## [STORED DATA]
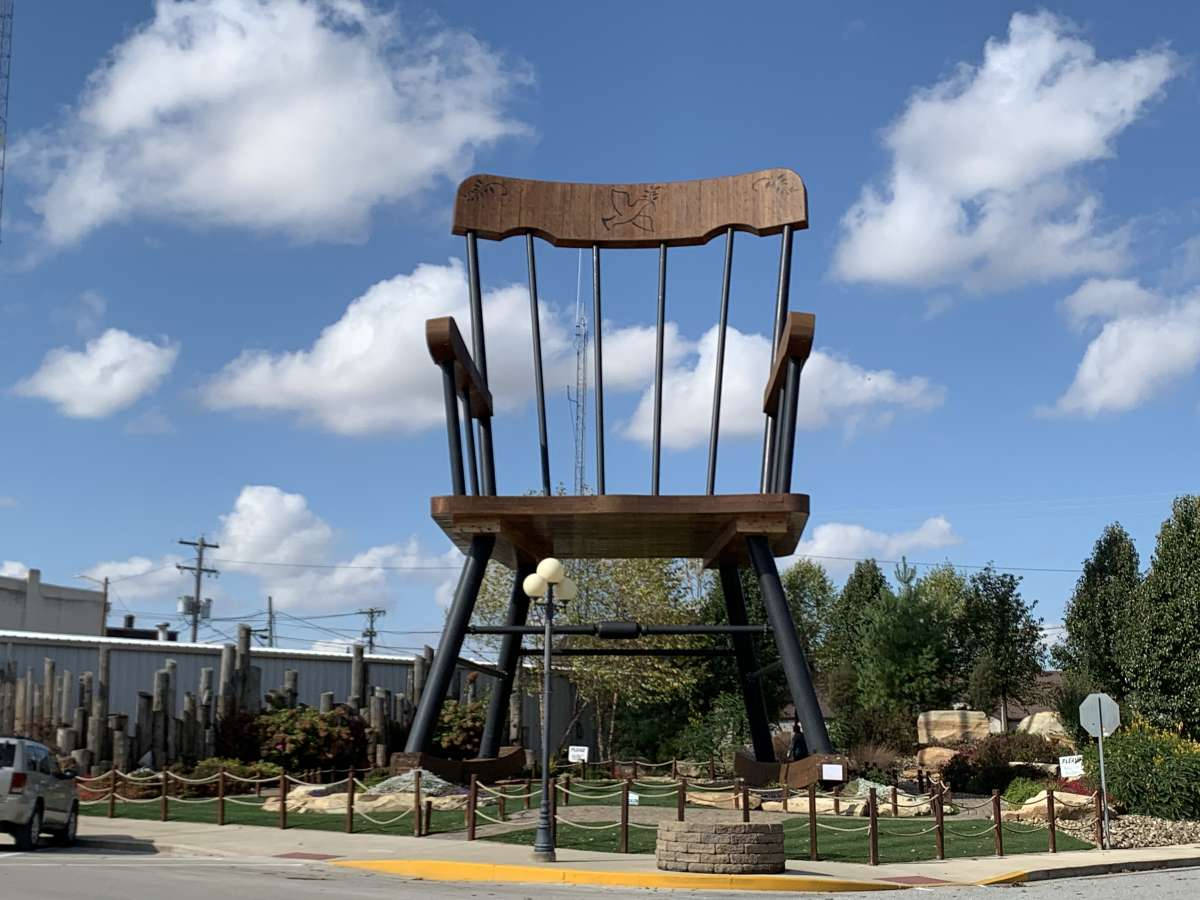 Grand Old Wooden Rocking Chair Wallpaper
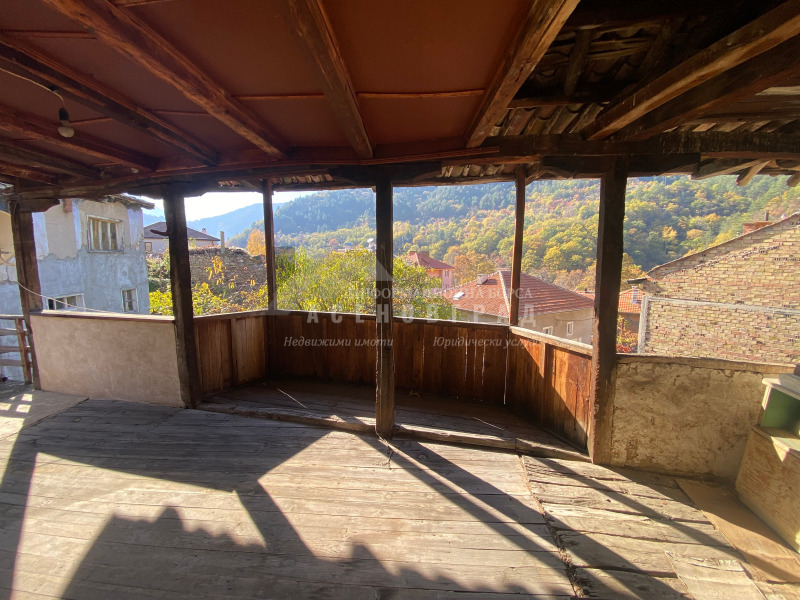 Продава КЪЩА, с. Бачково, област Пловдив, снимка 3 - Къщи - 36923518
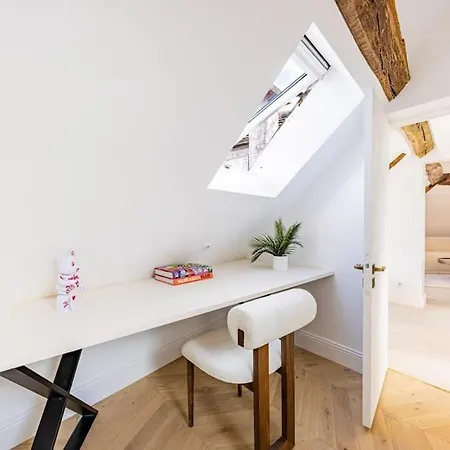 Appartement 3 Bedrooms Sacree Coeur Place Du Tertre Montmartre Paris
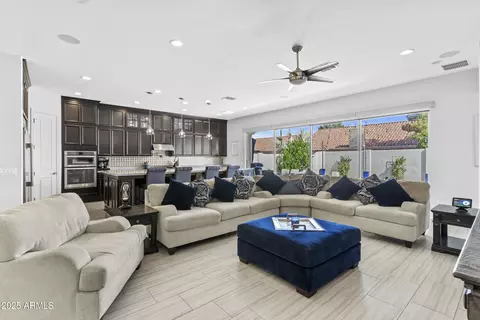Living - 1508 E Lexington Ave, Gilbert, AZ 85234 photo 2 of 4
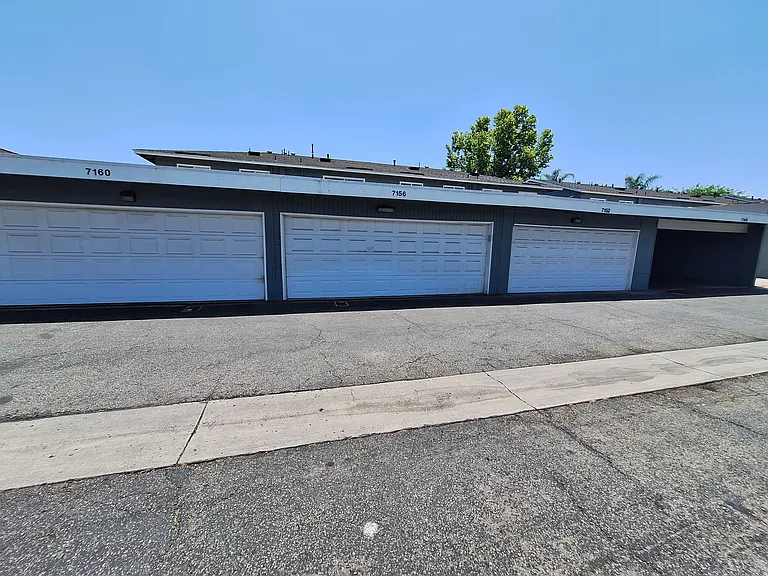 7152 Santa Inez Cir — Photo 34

## [HOW TO COMPLETE THIS TASK]
All of the entries, apart from the pictures, must be returned exactly.

## [WRITTEN SOLUTION]
 Grand Old Wooden Rocking Chair Wallpaper
 Продава КЪЩА, с. Бачково, област Пловдив, снимка 3 - Къщи - 36923518
 Appartement 3 Bedrooms Sacree Coeur Place Du Tertre Montmartre Paris
Living - 1508 E Lexington Ave, Gilbert, AZ 85234 photo 2 of 4
 7152 Santa Inez Cir — Photo 34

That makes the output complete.